I have an OpEd in the Globe and Mail (Canada’s primary national newspaper), published on December 4, 2023. [link here, paywalled]
I summarize the Ontario Liberal leadership race, discuss the third-place party’s challenges in rebuilding (after governing from 2013-2018), and characterize the three primary leadership candidates’ strategic pros and cons.
An excerpt:
Of course, restoration doesn’t incite the same zeal as revolution. But choosing Ms. Crombie was a move down the most strategic path, even if it was the path of least resistance.
The Ontario Liberals are not rebuilding from zero: In their most recent 2022 defeat, they still won 24 per cent of the popular vote. In a provincially representative poll I ran a week before the results were announced, the Crombie-led Ontario Liberals were in a statistical tie (22 per cent) with the PCs (24 per cent) and the NDP (21 per cent), as well as with undecided voters (24 per cent). No other potential candidates came close to that result.

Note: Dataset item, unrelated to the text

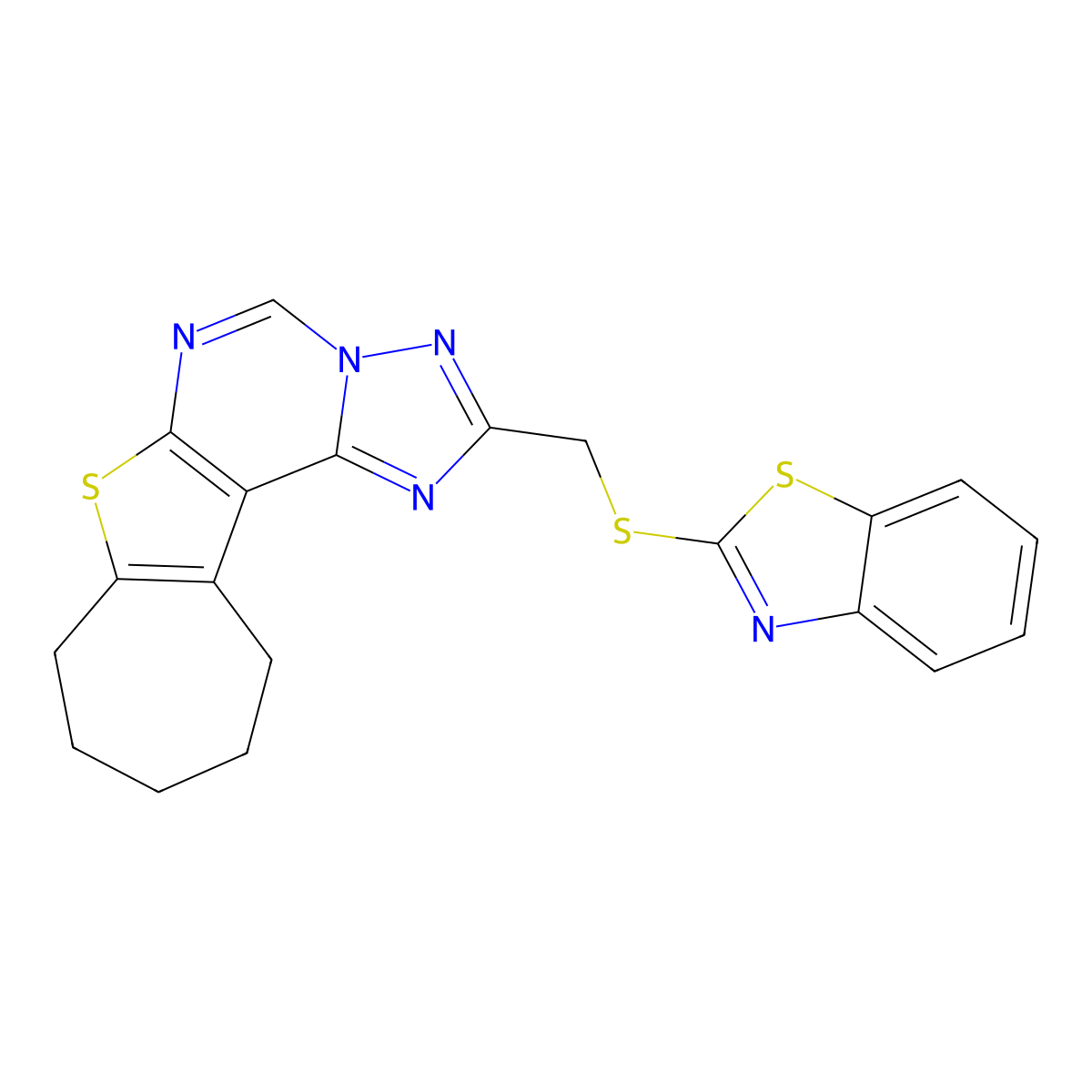 2-((benzo[d]thiazol-2-ylthio)methyl)-9,10,11,12-tetrahydro-8H-cyclohepta[4,5]thieno[3,2-e][1,2,4]triazolo[1,5-c]pyrimidine molecular structure, CAS 375838-05-4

So if you see the task of rebuilding the Ontario Liberal Party as winning over, say, an additional 13 to 15 per cent of the electorate, to get back into majority government territory – which, to be clear, is a very grounded view of a political party’s fundamental mission – Ms. Crombie’s victory provides much to celebrate, and gives Premier Doug Ford much to fear. But if you were looking to the Ontario Liberals’ rebuilding process to help redefine the purpose of a centrist party for a new generation of voters, that will have to wait for another time – or, potentially, another rout.